Hi Team, I have 5 files
1 is repo file containing 1-2 lakh of rows each row represents an individuals complete information
2 is input file containing 10K-15k rows each row represent information of an individual to update
3 is Updated File - blank initially
4 is Reference File - blank initially only headers are present
5 is Non Updated File - blank initially
Now for each input row, I have to check whether a unique individual is present in repo file which I am doing by DT.SELECT method. If no, then need to add it on non updated file and reference file which I am doing building Data table and appending to CSV.
If a unique individual is present in repository file then I need to update a row in repository file based on input file. (Note: No. of columns in repo file and input files are also different.
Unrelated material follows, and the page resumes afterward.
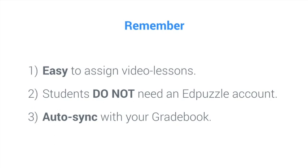Second, students do not need another account. Do not worry about another username and password your students will have to remember. They just click and watch the lesson.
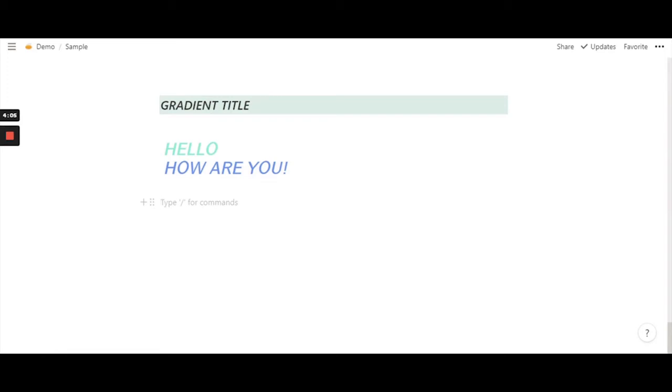Hello everyone, in today's video we'll learn how to do this beautiful gradient title, so let's get started. I'm going to write down the code and explain it as I go so that you guys can understand.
Only 5-6 columns are common and need to update information of only 2 columns). Also I need to take that updated row in repo file and append it to Updated File and reference file.
I am doing this by selecting a row from repo file, updating value and adding the row to DB and reference file. This method will not update the row in repo file. So for updating that I am looping through each row in repo file (1Lkh-2Lkh rows), if the student information matches, updating that row information and then writing all the rows in CSV file. Means right now I am reading and writing 1 Lkh-2Lkh rows 10K-15k times which is very time consuming
Can any one please help me with efficient way for this.
I thought writing a 1Lkh-2Lkh rows in a single go will save a lot of time, then in that scenario I need to remove a row first from reference file which is again time consuming.